Compulsive sexual behavior — which researchers also refer to as “hypersexuality” — is characterized by intrusive sexual thoughts and impulsive sexual behaviors.
Although it can have a significantly negative impact on a person’s quality of life, whether compulsive sexual behavior qualifies as a medical condition is still a matter of debate, and the American Psychiatric Association do not yet recognize it as a “disorder.”
No clear data indicate just how many people around the world experience symptoms of compulsive sexual behavior, but older estimates suggest a prevalence of about 3–6%.
But does compulsive sexual behavior have any underlying biological factors, and if so, which?
Researchers have recently tried to find an answer to this question. The team is from the Uppsala and Umeå universities and Stockholm’s Karolinska Institutet — all in Sweden — as well as from the University of Zürich, in Switzerland, and the Sechenov First Moscow State Medical University, in Russia.
In their research, they decided to focus on the possible role that epigenetic mechanisms — mechanisms that can affect gene expression — may play in determining compulsive sexual behavior.
Study finds specific DNA differences
In their study paper — which appeared yesterday in the journal Epigenetics — the researchers explain that “An increasing number of studies suggest a significant role of epigenetic modifications […] on sexual behavior and human brain functioning.”
Thus, the team “set out to investigate the epigenetic regulatory mechanisms behind hypersexual disorder so [as to] determine whether it has any hallmarks that make it distinct from other health issues,” notes the study’s lead author, Adrian Boström.
To do this, the team recruited 60 participants — both male and female — who expressed compulsive sexual behaviors, as well as another 33 participants who did not.
The researchers collected blood samples from all participants and assessed patterns of DNA methylation — an epigenetic mechanism that plays a key role in gene regulation.
More specifically, the team assessed 8,852 regions of DNA methylation and the microRNAs — noncoding molecules — that they were associated with. The goal was to find out whether any epigenetic modifications were specific to the participants with compulsive sexual behavior.
The team found two specific DNA regions with particular modifications that were only present in individuals with compulsive sexual behavior. These were associated with MIR708 and MIR4456, the genes that encode the microRNA molecules of the same names.
One of these forms of microRNA, miRNA4456, normally helps regulate the expression of genes that are involved in the regulation of oxytocin, also called the “love hormone” because it is involved in sexual behavior and pair bonding.

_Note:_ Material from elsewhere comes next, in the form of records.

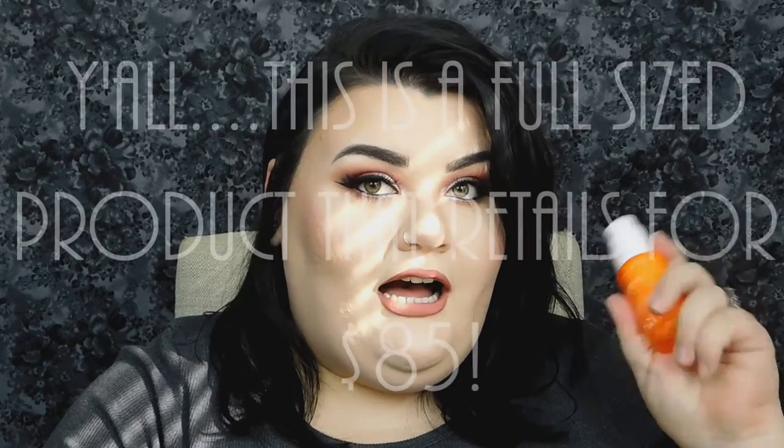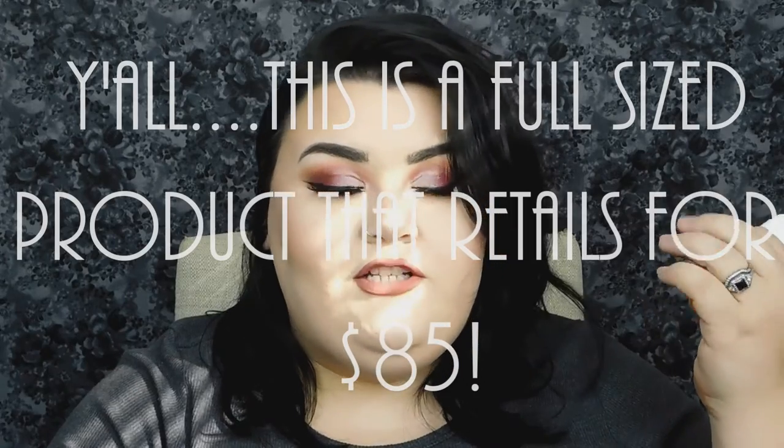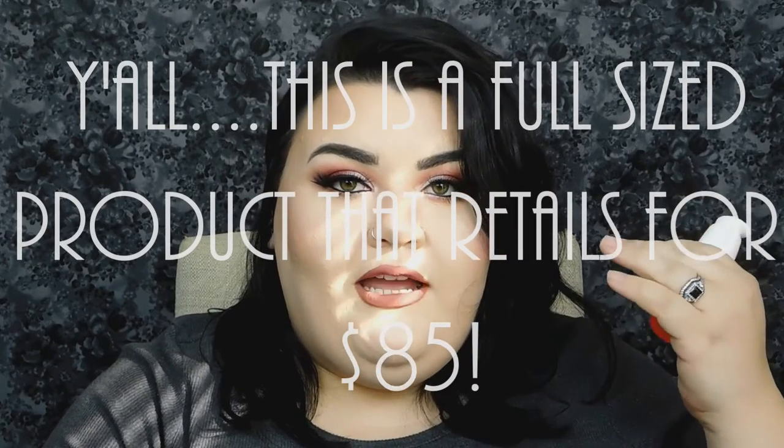The first thing I see is screaming at me because of the bright packaging — it's the CEO Rapid Flash Brightening Serum from Sunday Riley, which I am all about, because I want to fade my acne scars. I'm definitely going to incorporate this into my beauty routine.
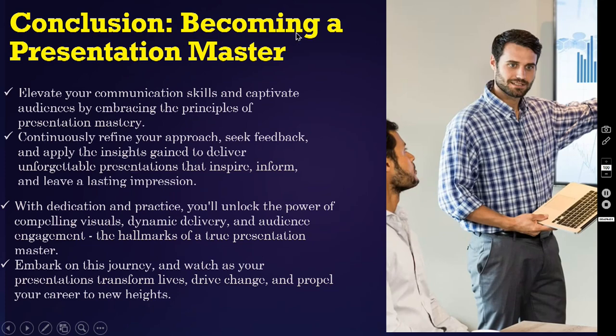Conclusion: becoming a presentation master. Elevate your communication skills and captivate audiences by embracing the principles of presentation mastery. Continuously refine your approach, seek feedback and apply the insights gained to deliver unforgettable presentations that inspire, inform and leave a lasting impression. With dedication and practice, you will unlock the power of compelling visuals, dynamic delivery and audience engagement — the hallmarks of a true presentation master. Embark on this journey and watch as your presentations transform lives, drive change and propel your career to new heights.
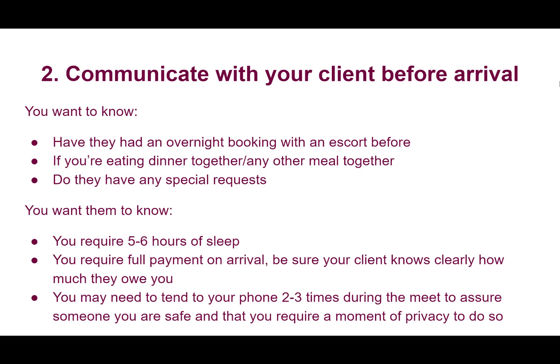Also communicate very clearly around what is owed to you at the time of arrival. When I'm doing an overnight booking, I always get a deposit because I'm setting such a large period of time aside — it also acts as a good qualifier for how serious your client is. If they're willing to make a 10% deposit against a purchase that is thousands of dollars, that's a good sign. Let your client know how much they're expected to pay minus their deposit when you arrive. Just like in a normal booking, get your payment upfront, excuse yourself to the bathroom, and count your money before everything begins — you don't want to be four hours in and find the client has shortchanged you.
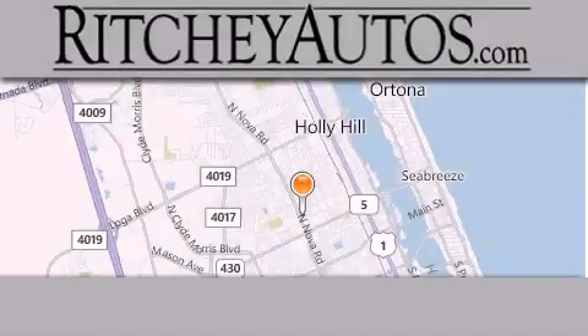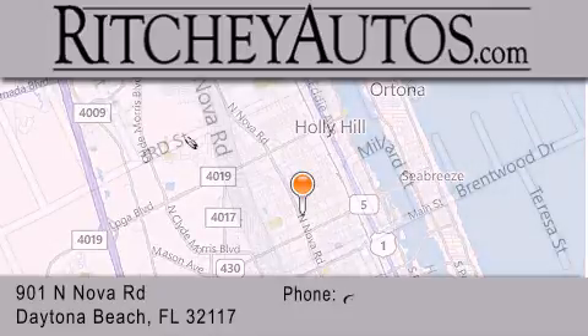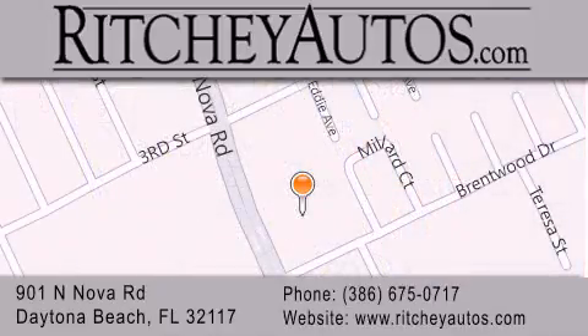Richie Cadillac Pontiac Buick is located at 901 North Nova Road in Daytona Beach. Our goal is to exceed all of your expectations to ensure that you'll return for future visits.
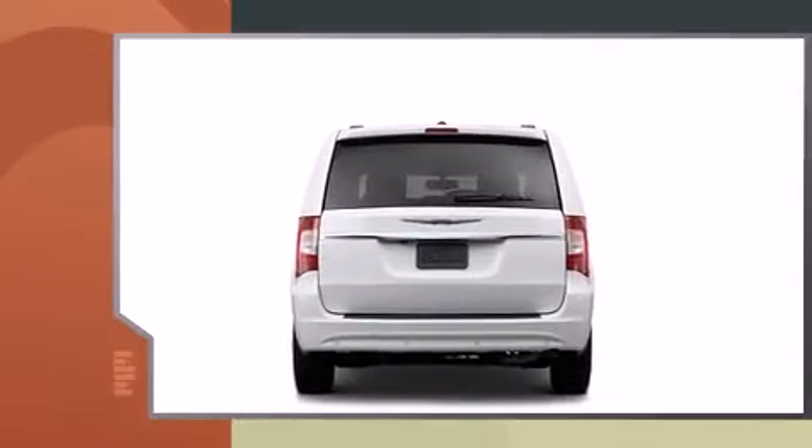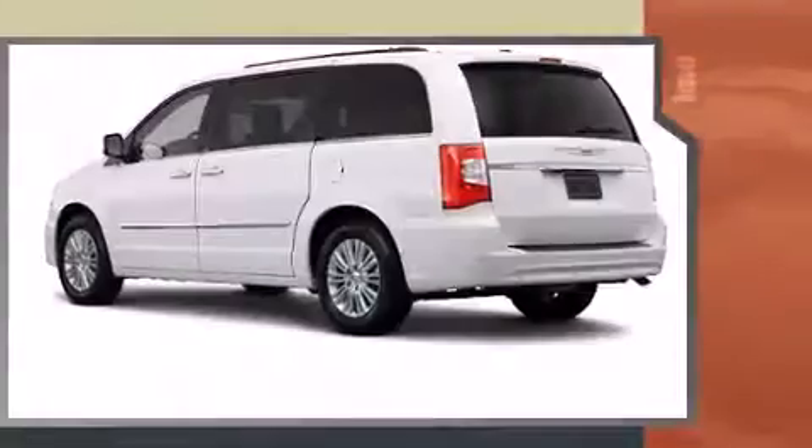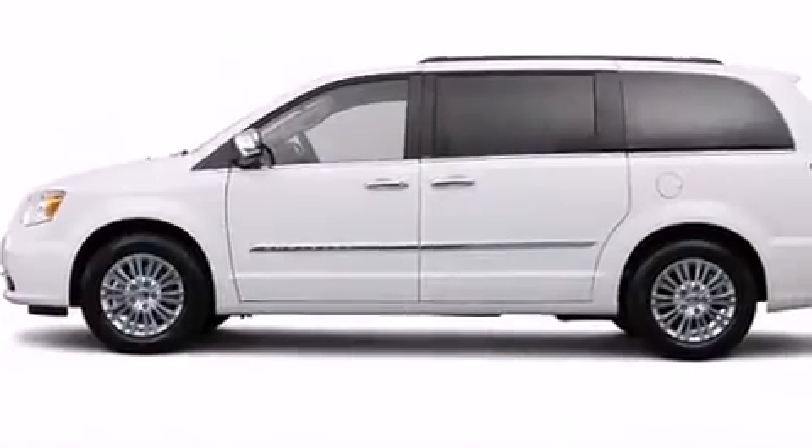Chrysler prioritized fit and finish, as evidenced by a built-in garage door transmitter, power door mirrors and heated door mirrors, a power rear cargo door, removable floor console, and one-touch window functionality.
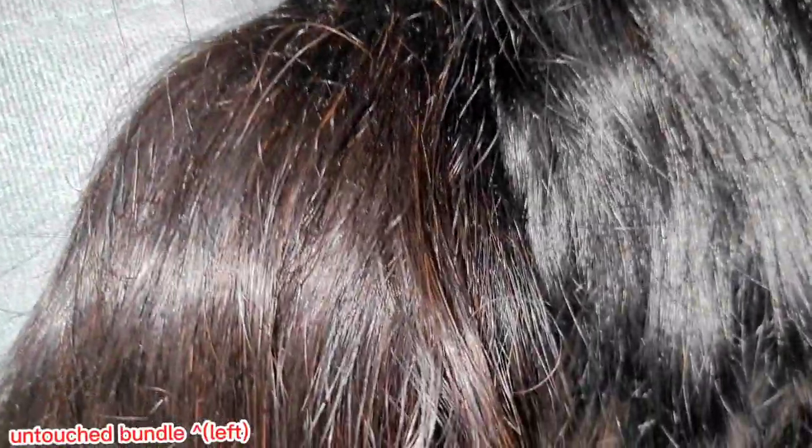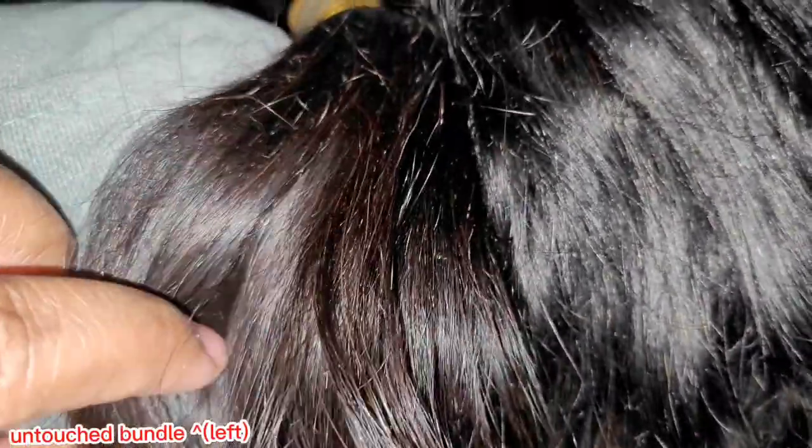Everything else about the attributes seemed to indicate virgin hair, but those random strands threw me off. So I decided to dye the hair. The first round I used Revlon black-brown — the cheapest option — because I didn't want jet black. I dyed two bundles and left one as-is for comparison. The overall bundle was dyed and stripped, but those shiny pieces were still there, just minimized.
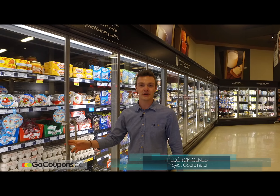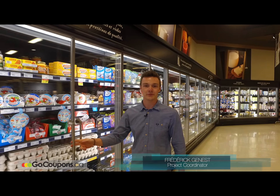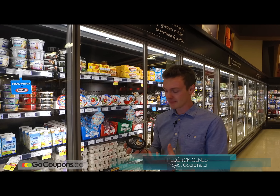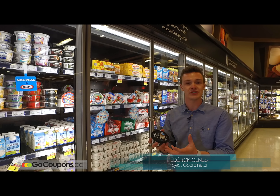Hi, it's Frederic from Team GoCoupon, and today I'm here to present you a new product from Naturale in the form of a dip. So this one's an alternative for your conventional dip. It's actually made with cottage cheese instead of regular cream cheese.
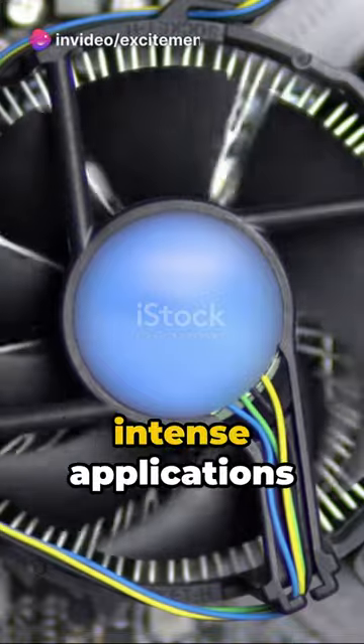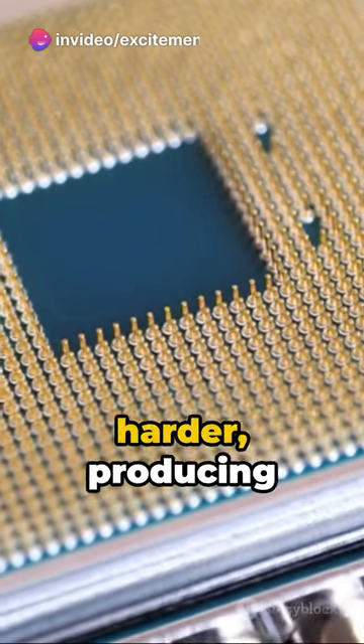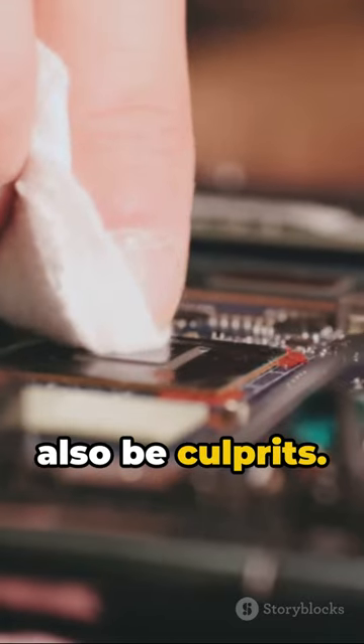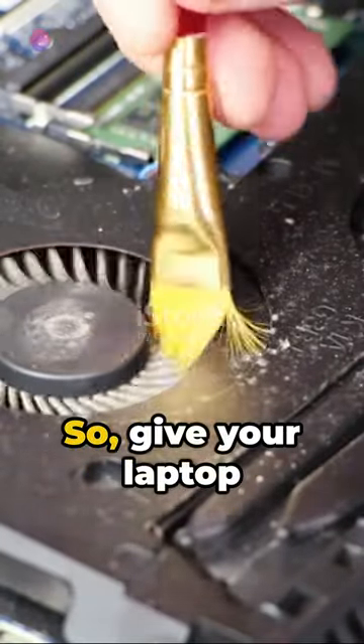Just as you sweat when you're hot, your laptop's fan spins faster to cool down those heated internal components. When you're running intense applications or have too many tabs open, the CPU works harder, producing more heat. Dust and debris can also be culprits — if they clog the cooling system, the fan has to work overtime.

Because the MIR4456 gene is affected in people with compulsive sexual behavior, this could mean that they produce unusually high levels of oxytocin, which may lead to unwanted symptoms. However, the researchers emphasize that, so far, this is only a hypothesis — they have not yet been able to confirm it.
“Further research will be needed to investigate the role of miRNA4456 and oxytocin in hypersexual disorder, but our results suggest it could be worthwhile to examine the benefits of drug[s] and psychotherapy to reduce the activity of oxytocin,” suggests one of the study’s co-authors, Prof. Jussi Jokinen.
Possible role of gene-regulating mechanisms
In addition to this, the researchers compared these blood samples to another set, which they collected from a separate cohort of 107 individuals, 24 of whom had alcohol dependence.
With this second analysis, the investigators were aiming to find out whether there were any common patterns between the epigenetic profiles of the group with compulsive sexual behavior and those of the group with alcohol dependence. In short, they wanted to see if the former shared molecular pathways associated with addiction.
This comparison showed that individuals with alcohol dependence and those with compulsive sexual behavior both had under-methylation in the same DNA region. This, the investigators believe, may tie in to the presence of addiction-like symptoms in people who experience unwanted, persistent sexual impulses.
“To our knowledge, our study is the first to implicate dysregulated epigenetic mechanisms of both DNA methylation and microRNA activity and the involvement of oxytocin in the brain among patients seeking treatment for hypersexuality.”
Boström and colleagues do, nevertheless, note that their study encountered some limitations, including the fact that the mean difference in DNA methylation between individuals with and without compulsive sexual behavior is only 2.6%, approximately.
This, they admit, could mean that the impact is not important enough to actually influence individuals’ behaviors.
“There is, however, now a growing body of literature on specific genes suggesting wide ranging […] consequences of subtle methylation changes (1–5%), especially in complex multifactorial conditions like depression or schizophrenia,” the researchers conclude, suggesting that further studies should not overlook their findings.